Converted here to be used for my OA campaign.
This little white-green humanoid figure stands only three feet tall. Its head is faceless save for two hollow pits for eyes.
KODAMA
Small celestial (kami), neutral
Damage Immunities necrotic, poison
Condition Immunities charmed, poison
Innate Spellcasting. The kami’s spellcasting ability is Charisma (spell save DC 14, Spell Attack +6). It can innately cast the following spells, requiring no material components:
- At will: druidcraft
- 3/day each – detect evil and good, detect magic, invisibility, plane shift (between the Spirit World and the Material Plane only), tree shape
- 1/day each – animal friendship, entangle, tree stride (self plus 50 lbs. of objects only)
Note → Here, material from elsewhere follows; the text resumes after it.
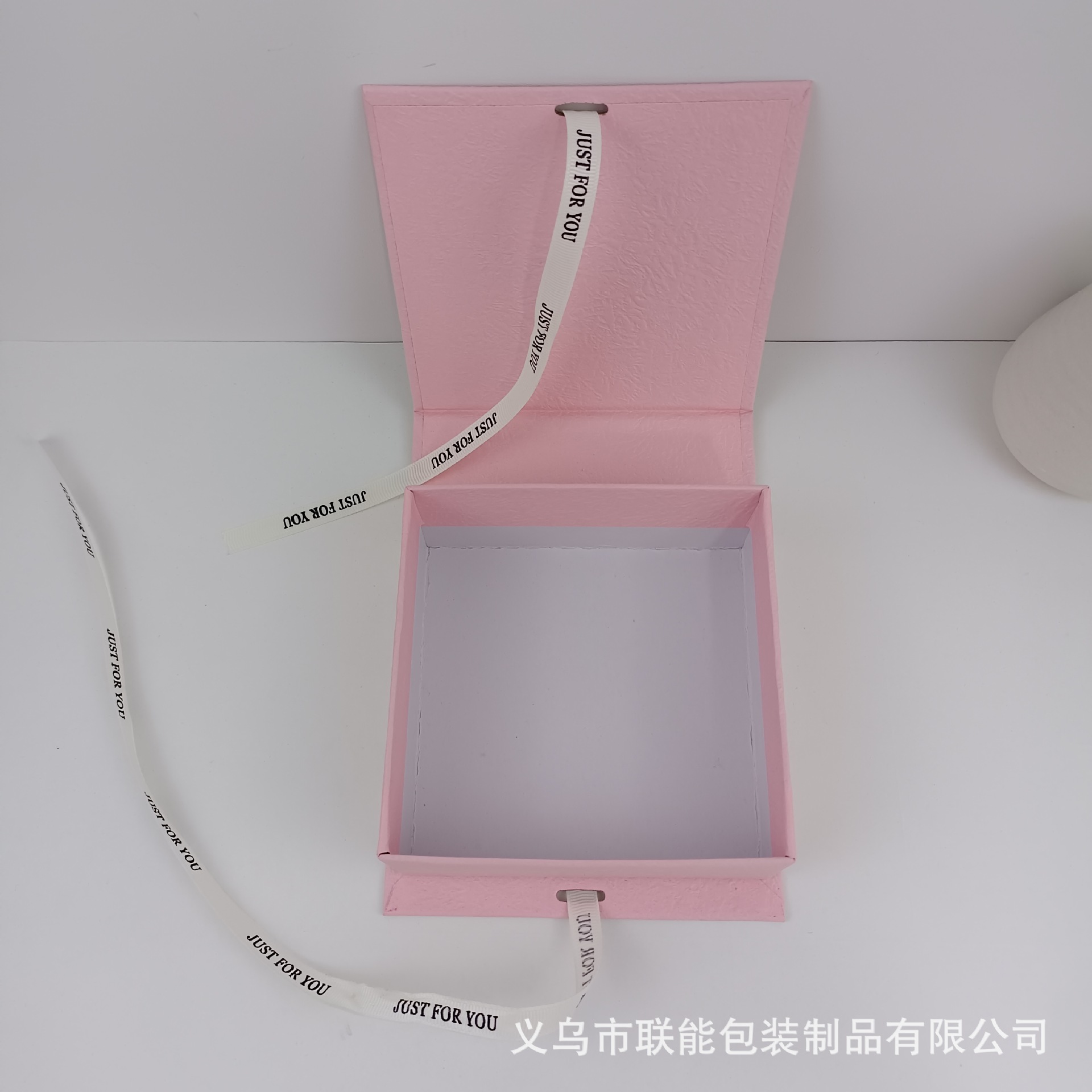 손 반죽 분말 (빈 상자);10.5*10.5*4.7cm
Distracting Gaze. When a creature that can see the kodama’s eyes starts its turn within 30 feet of the kodama, the kodama can force it to make a DC 14 Constitution saving throw if the kodama isn’t incapacitated and can see the creature. On a failure the target is staggered and has disadvantage on all to-hit rolls for the next 1 minute (save ends).
Local Knowledge. As a nature spirit, a kami is intimately familiar with the natural world in the area where it lives. A nature spirit automatically has access to the information learned from the commune with nature spell.
ACTIONS
Multattack. The kami attacks twice with its claws.
DESCRIPTION
Revered by druids and rangers for their attunement with the wilds, kodama, known also as tree kami, are the guardians of the wild trees of the forest—they do not protect trees cultivated and grown in civilized areas. (Those trees are protected by different kami, if at all.) A kodama takes a single tree under its protection; typically, all of the trees in a forest that are protected by kodama are clustered together in one particular area. A kodama in its physical form resembles a barely humanoid creature with only the vaguest of features on its semispherical head. A tree kami is 3 feet tall and weighs 60 pounds. While one might expect the kami of something as large as a tree to itself be larger, the fact that forests are made up of so many trees tends to diminish the singular “presence” any single tree might have.
Kodama are more curious about visitors than most kami, and often manifest their physical bodies simply to watch and observe newcomers to their groves. A kodama usually manifests on the far side of its tree, or in the shadows of the undergrowth, so that it can slowly step out into visibility to quietly observe with its distracting, empty-eyed gaze. This gaze can be particularly unnerving. Those who have fallen under its supernatural effects often have different descriptions of how the gaze made them feel (ashamed, frightened, curious, amused, and nervous being the most common reactions), yet the end result is essentially the same. While under observation by a curious kodama, few are those who can continue their actions without being at least somewhat distracted by the kami’s attention.
When a kodama must fight (typically in order to defend its tree or other kami), it moves quickly—kodama work best in groups, and when confronted alone generally use tree stride to travel to another part of the forest to raise a small host of allies to aid it in defending its home.
Variants
In cases where a tree is particularly ancient or immense, however, the kodama associated with it is much larger—statistics for such rare kodama can be generated by advancing the kodama given here by several Hit Dice and increasing its size—theoretically, a Colossal kodama with more than 20 Hit Dice could exist somewhere in the world. Not all kodama increase in power by gaining racial Hit Dice, though, as some instead progress by gaining class levels, particularly levels of druid, though a rare few kodama kami—those possessed of minds more ordered and structured than is normal for their race—take the path of the monk.